The absolute volume of an object is the amount of space it takes up divided by the amount the object weighs. This tells how much space one unit of that object would fill. Oil, for example, is often measured in gallons per pound or in cubic meters per kilogram. The absolute volume of oil would show how many gallons of oil would fit in a single pound, or how many cubic meters would fit in a single kilogram.
Density is also related to absolute volume. Denser objects have more material packed tightly together inside them, and thus a highly dense object could take up a small amount of space, whereas an object taking up a lot of space might have a low density because the material it is composed of is not packed in tightly. An object might have a high density but low volume or a low density and a large volume.
Absolute volume is different from calculating regular volume in only one regard. Volume generally looks at how much space the object takes up in total, while absolute volume looks at how much space a single unit of that object takes up. Liquids, for example, expand out to fill their containers and thus have a lot of volume. In calculating the absolute volume of a liquid such as oil, it does not look at how much space all the oil takes up but instead looks out how much space one gallon or one cubic meter of the oil occupies. After finding the absolute volume of a material, it is then possible to calculate how much space different amounts would take up.
One way to test for the volume of a solid is to place it in a glass of water. The object displaces, or moves aside, the water where it is resting.

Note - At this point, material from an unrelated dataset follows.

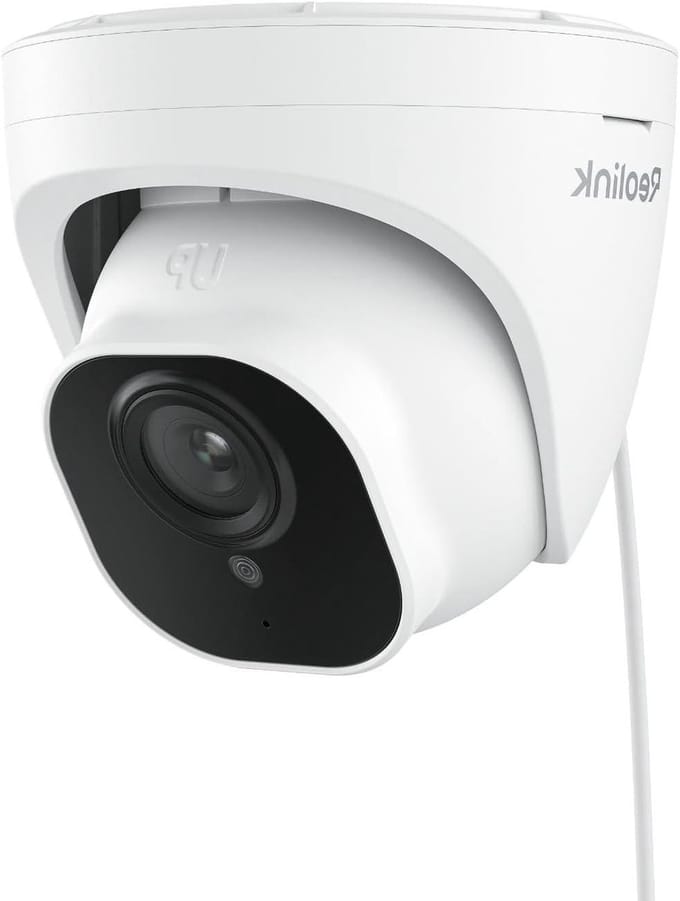 Beveiligingscamera Koepel - IP Camera - Huisbewaking - Slimme Persoon Detectie - 5MP Super HD - Wit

Dropping a square plastic block, for example, into a glass of water causes the water to rise because the block is taking up some of the space and the water has to move out of its way. The amount of water the block displaces is the volume of the block, and this number divided by the block's own weight is its absolute volume.

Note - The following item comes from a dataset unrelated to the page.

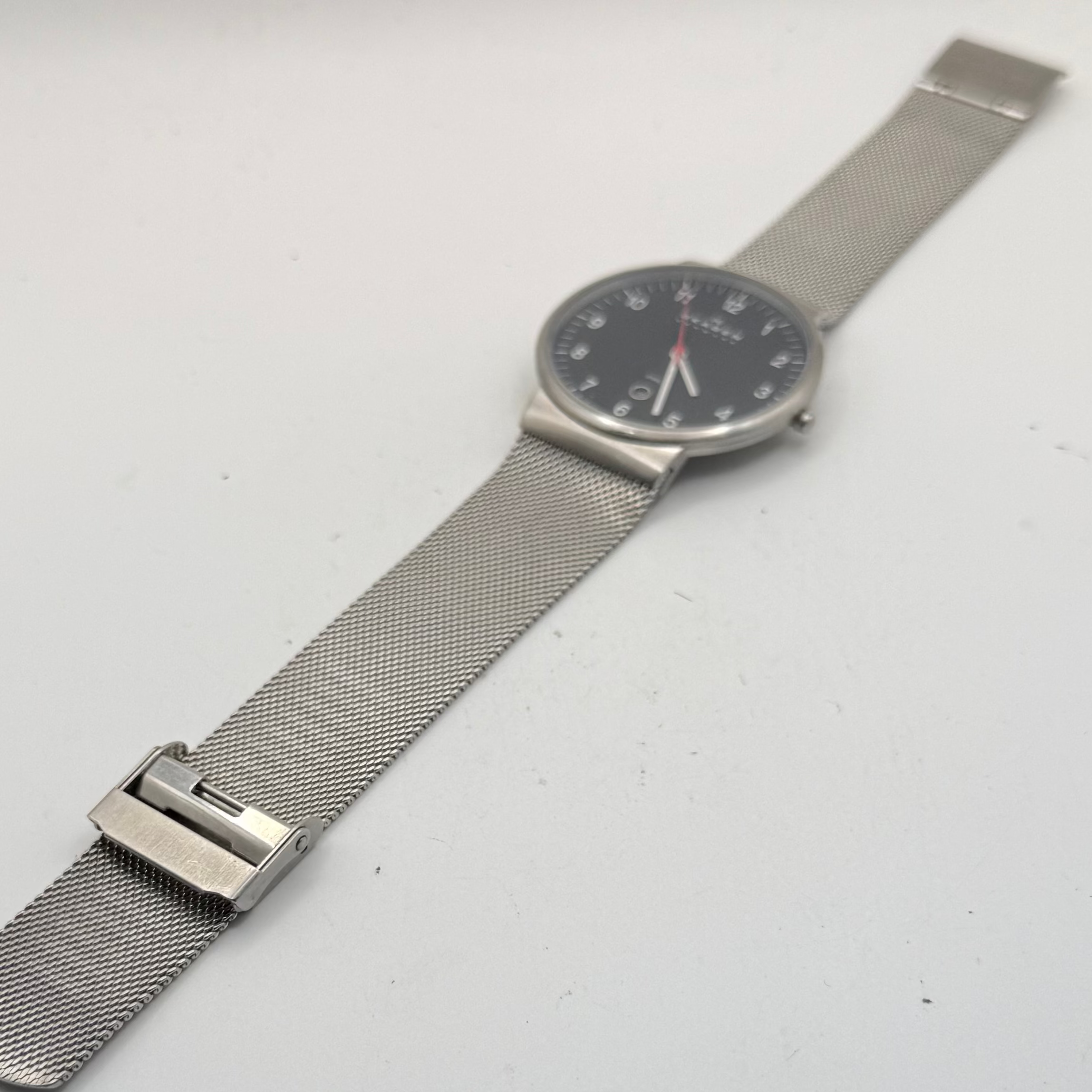 Skagen Denmark SKW6051 Ultra Slim Stainless Steel Mesh Watch- £45.00
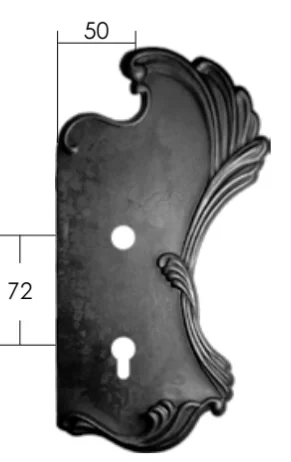 Szyld Drzwiowy Kuty 'Secesja' Pełny Prawy (Wariant)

Volume and absolute volume are important concepts in science and engineering. In engineering, scientists usually look at the material making up the object to calculate its volume but do not count the spaces between the particles. An object with a low density and a large volume may take up a lot of space because its particles are spread so far apart. A gas or liquid, for example, will continue to spread out and fill the containers they're placed in. Pouring a glass of water from a short, round jar into a tall, square glass will change its size and shape but it's still the same volume, or amount, of water.